Castellanos ha publicado varios libros, entre ellos El asco (1997) e Insensatez (2004), títulos que podrían aplicarse a este volumen: “Necesito recuperar […] el asco hacia mí mismo y hacia lo que me rodea”, expresa. Y luego: “Comprender lo que haces en esta pequeña habitación, en esta metrópoli, en este lado del planeta, es un reto que te rebasa”. Igual viaja a Osaka en tren bala, visita bibliotecas, templos, paisajes, restaurantes. Ingiere carne de ballena cruda y no se muere tras comer pez globo. Aunque camine por las calles, libra una sorda batalla mental: contra una mujer ingrata, contra sí mismo, contra la escritura, contra el deseo que lo muerde.

Mientras redacta un ensayo sobre Kenzaburo Oé, rumia sus propias dificultades: “¿Y si volviera al cuento?”, especula. Es que pretendía dar forma a una novela “que intuyo pero no consigo atrapar”. Despierta sin ganas de escribir, traga pastillas para la hipertensión, acecha los gemidos sexuales en la habitación vecina. Y se pregunta si no será víctima de una depresión por “el coño perdido”, léase esa dama a la que añora y aborrece: “Descubres —se dice— que eres incapaz de perdonar”.

Unas piernas de colegiala atraen su mirada. Su amigo R —japonés— le advierte que “la ley es tremenda”, y que “por nada en el mundo se me vaya a ocurrir tocarle las nalgas a una niña en el metro”. ¿Pensaba hacerlo? Queremos creer que no.

Es un escritor en tierra extraña, y ese territorio es también su cabeza. Estas notas se dividen entre las que aluden, con mayor o menor asombro, a un espacio real —ciudades, bares, transeúntes—, y las reflexiones más o menos oscuras de un narrador que oscila entre la vanidad y el fracaso.

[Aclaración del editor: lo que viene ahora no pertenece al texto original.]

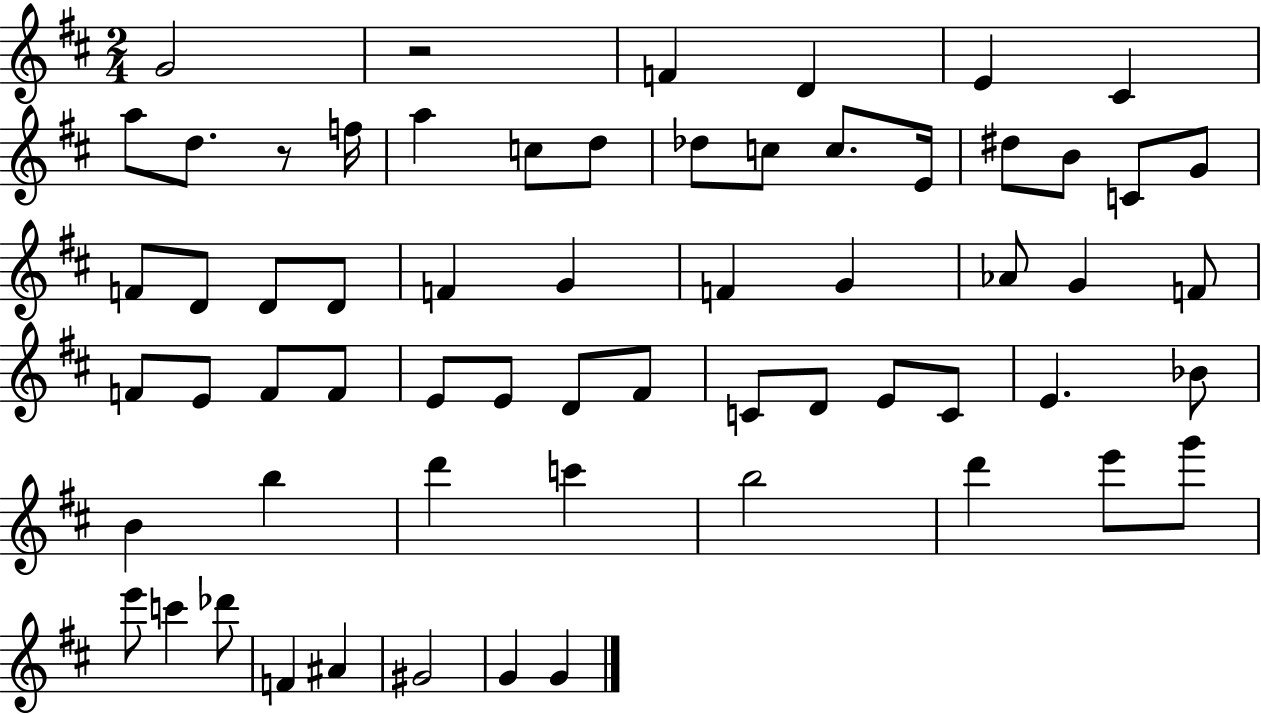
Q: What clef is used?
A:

Castellanos habla desde un “yo”, pero también hacia un “tú” que es él mismo. No da nombres, sólo iniciales. Escribe con humor gris. Cuando llama “traidora” a aquella mujer, quizás hable de su propia persona: “La mujer que [tú, Horacio] has sido”, la que “te ha dictado lo que despertaste en la mente de las otras”. Nada es muy claro en términos fácticos, pero esa frase no es banal: penetración psicológica, relatividad de puntos de vista. O sea, literatura original.

Una japonesa elegante le pide una cita. “¿Cuándo fue la última vez que me llevé a la cama a una mujer casada?”, hace memoria Castellanos. Ya en el restaurante, se insinúa. No obtiene respuesta. Hasta que se le aclara la mente: ella sólo quiere que le revise un texto en español.

Más que un diario de actividades, Cuaderno de Tokio es una exploración de frustraciones. “Tanto esfuerzo del espíritu —acota el autor— para tratar de conseguir una recompensa de la carne”. Por fin se despide de Tokio: “No quieres partir. Pero tienes que partir”. Y en todo ese tiempo, ¿logró consumar? Nunca lo sabremos.

 

Horacio Castellanos Moya, Cuaderno de Tokio. Los cuervos de Sangenjaya, Hueders, 2015, 84 págs. (Una versión de esta reseña se publicó en Las Últimas Noticias, Santiago de Chile, el 21 de agosto de 2015).